'Kültür ve Farklılık' Konferansı


25 ŞUBAT 2016 TARİHİNDE

PROF. DR. YURDAGÜL MEHMEDOĞLU 

ve 

ARAŞTIRMA GÖREVLİSİ HAYRİ GÜZEL’İN KONUŞMACI OLDUĞU  

"FARKLILIĞIN DAVETİ OLARAK KÜLTÜR" İSİMLİ

KONFERANS DÜZENLENMİŞTİR.


ff.jpg
 

Sn. Prof. Dr. Mustafa Saim YEPREM’ de konuşmacı olarak katkı sunduğu etkinlikte,
"kültür ve insan arasındaki kuvvetli bağ",
akıcı bir anlatımla izleyicilere aktarılmıştır.

Öğrenciler konferansın son bölümünde konuşmacılara sorular yöneltmişler
ve konferans kapanışında 
İ.A.Ü TARMER Müdürü Sn.
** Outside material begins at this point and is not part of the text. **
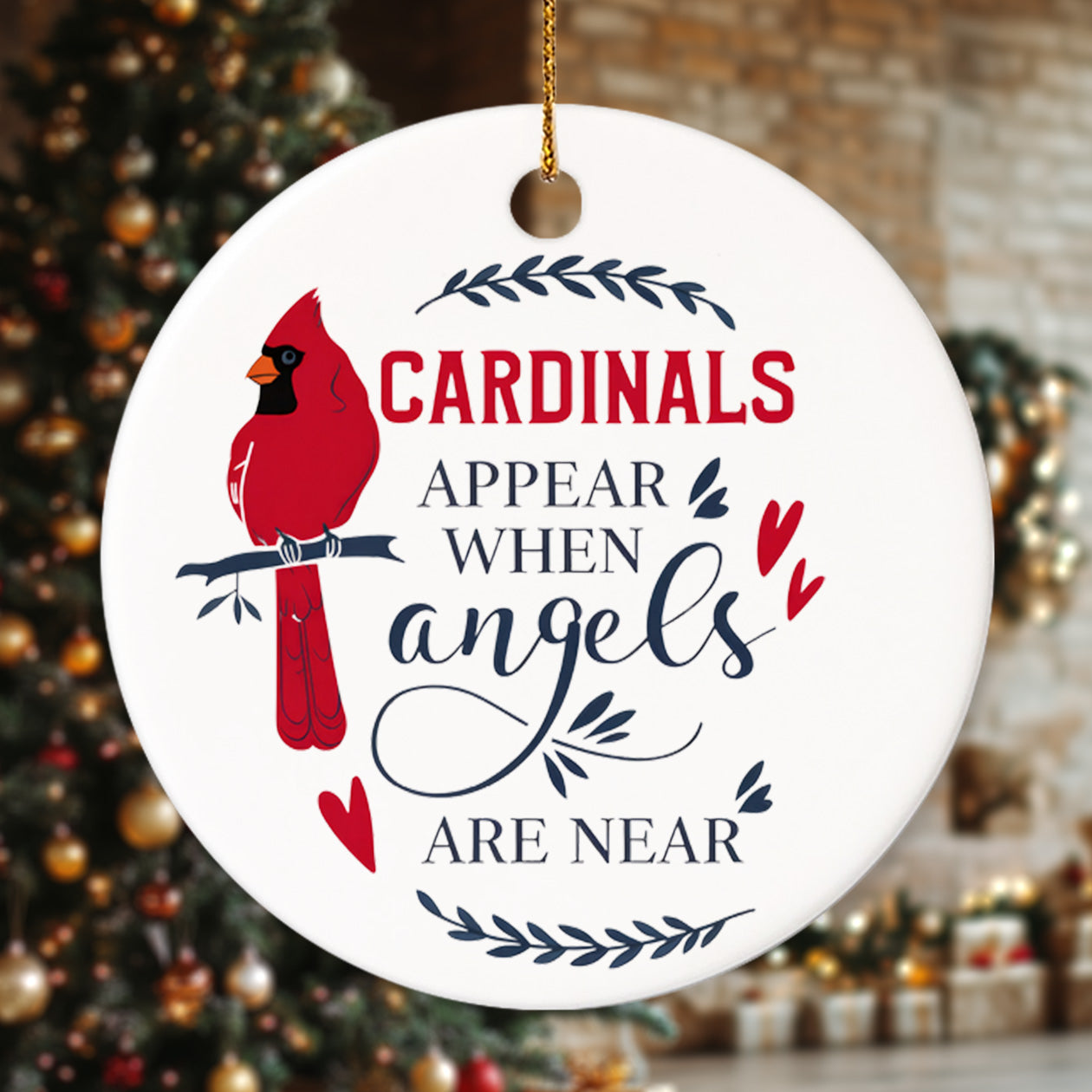 Memorial Cardinal 5 - Ceramic Circle Ornament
Prof. Dr. Mustafa Sâim YEPREM tarafından
katılımcılara plaket takdim edilmiştir...

F3-vert.jpg



FARKLILIĞIN DAVETİ OLARAK KÜLTÜR


Kültür kavramı farklı disiplinlerde faklı tanımlanabilir ve farklı bakış açılarına sahip olduğumuzda farklı kültür algılamaları oluşabilir. Bunların içerisinden biz “Kültür” den varoluşumuzun bütününü etkileyen bir “olma” hali olarak söz edeceğiz. Bu bakış açımız varoluşu ve varoluşun farklılıklarını önceleyen bir bakış açısıdır. Kültürün ontolojik tabiatınında farklılıklar üzerine kurulmuş olması bizi buluşturmaktadır. Kültür farklılıklarının da oluşma sebebi insanın varoluşunun farklı olmasıdır. Bu varoluşsal farklılık hem kültürleri oluşturmaya hem de ondan etkilenmeye imkân vermektedir. İnsan daima bu farklılıklara açık olmalı ve bu farklılığı zenginliğe dönüştürebilmelidir. Bu farklılığa da hürmet etmemiz gerekmektedir. Bizim bütün dilleri tek dile indirme ve tek kültürde birleştirme gibi bir donanımımız bulunmamaktadır.

Kültür, içerdiği dönüşüm imkânı, karakter eğitimi ve kişisel gelişim vurguları ile bizim için bir anahtar işlevi görür. Kültür yalnızca tarihsel olarak zihnin evrensele yükselmesi süreci olarak anlaşılmaz, o aynı zamanda, insanın içinde hareket ettiği bir unsurdur ve bir mekândır.
Bir ‘dönüşüm’ hadisesi olarak baktığımızda, ‘kültür’ kavramı bize dönüşümün imkânı açısından önemli bir anlam aralığı sunmaktadır. ‘Kültür’le sözü edilen şey ‘oluş’a giden bir şeydir. ‘Kültür’de kişi, onunla ve onun içinde şekillenerek kendisi haline gelir. ‘Kültür’ insanın insaniyetini gerçekleştirdiği ilkeler bütünü diyebiliriz.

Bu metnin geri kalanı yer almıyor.